Il est parti brutalement fin Avril, en plein confinement. Il est mort dans les bras d'une amoureuse... Elle a fait venir les secours... Il n'a pas survécu... Il avait mon âge... Nous nous connaissions en raison de notre Amitié commune avec Charles JULIET. Sa disparition a semé la stupéfaction parmi ses proches et ses ami.e.s  et aussi à Radio B de Bourg -en -Bresse  où il animait ou co-animait des émissions, dont la sienne L'Art c'est pas du Lux. Il nous manque douloureusement, mais son souvenir nous relie, il était un être généreux et profondément investi dans le partage des richesses culturelles, il était un humaniste actif et avait été un soignant attentif. Il avait fait de sa fragilité de gosse cabossé dès la petite enfance, une force de revitalisation et de courage pour aimer et aider les autres. Il était un homme debout et solaire, un joyeux ambulant propulsé par l'énergie de ses blessures. Un rescapé de l'abandon. Un écrivain en marche également. Il n'a pas eu le temps de boucler son parcours comme il l'aurait voulu.  Nous porterons désormais sa mémoire vivante.
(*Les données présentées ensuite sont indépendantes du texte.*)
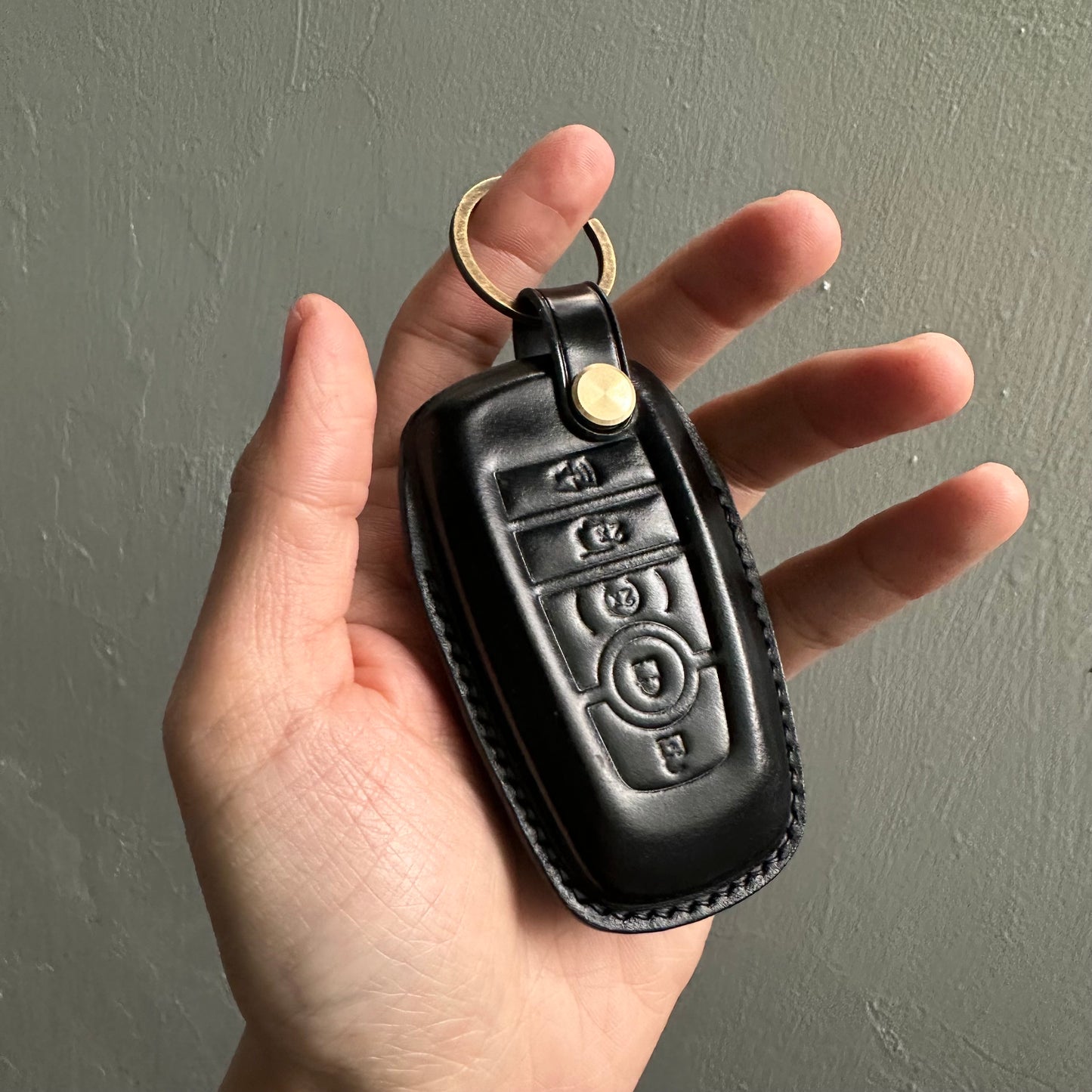 Ford Mustang key fob cover, Shell Cordovan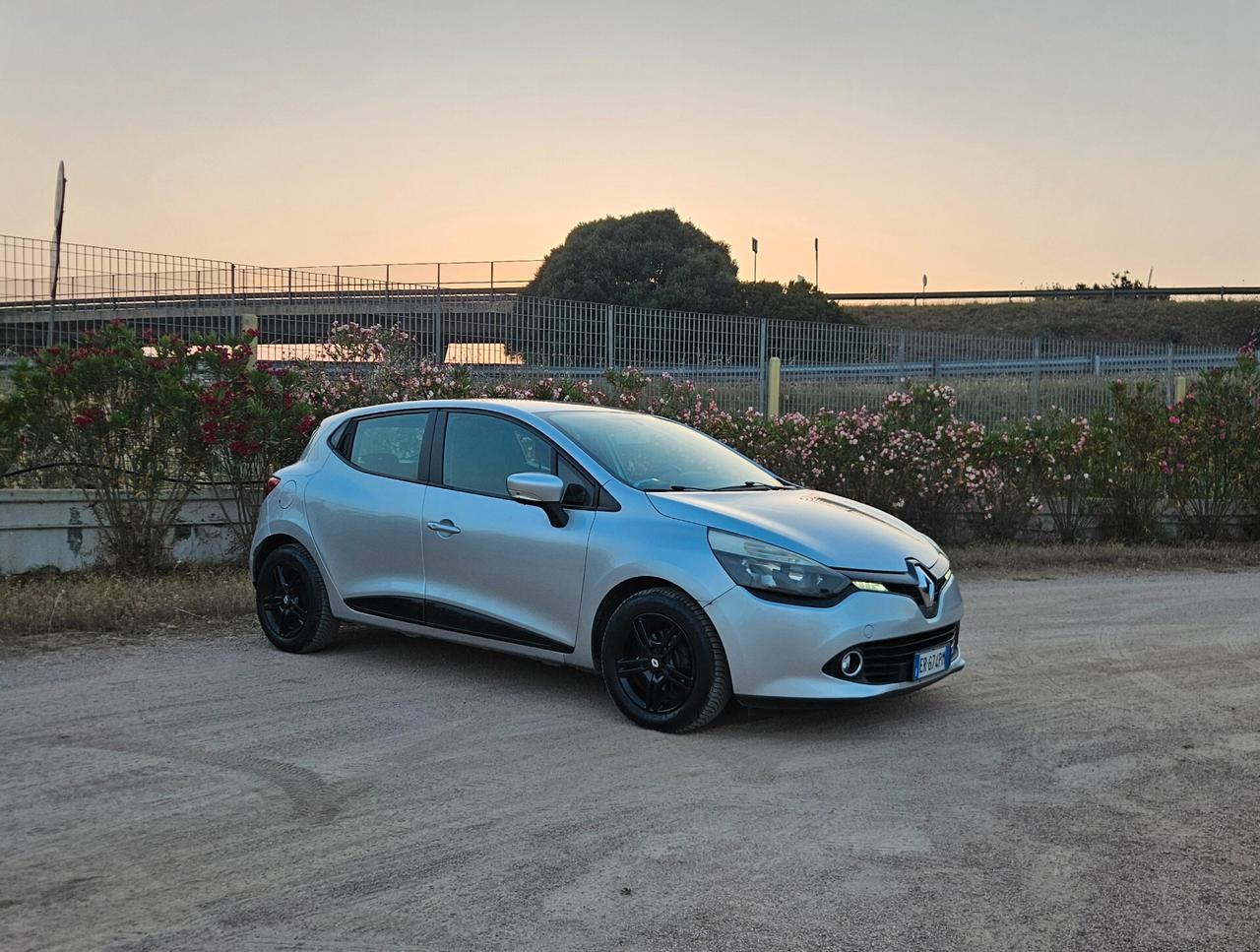 Renault Clio 1.2 75CV 5P Costume National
Voici le texte d'hommage intégral que j'ai écrit pour lui, sa version écourtée et modifiée se trouve dans l'enregistrement de Radio B diffusé le Dimanche 5  Juillet 2020 à 14h ( 90 minutes).

________________________________________________________

CHRISTIAN ET CHARLES

                                                                                                                                               
 
Photo Marie-Thérèse Peyrin ©

 

Christian LUX et Charles JULIET

chez la Jeanne à Bourg en Bresse

Lundi 9 Septembre 2019  

pour l’émission consacrée à Charles à Radio B en ma présence.

                                                                         

                                                                   

                                 

 

Abécédaire

 

 |||                           

pour une belle  Amitié Bugiste

 

 

en hommage à Christian LUX 

 

Lyon le Vendredi 27 Juin 2020

 

Parce que tu aimes les Lettres… 

 

 

Très cher Christian,

 

Avec Tendresse, je voudrais te parler comme à un très jeune enfant ou à un arbrisseau résistant qui aurait bravé toutes les tourmentes pour pousser dans une forêt qui n’a pas pu le reconnaître, le nommer afin de le rassurer suffisamment.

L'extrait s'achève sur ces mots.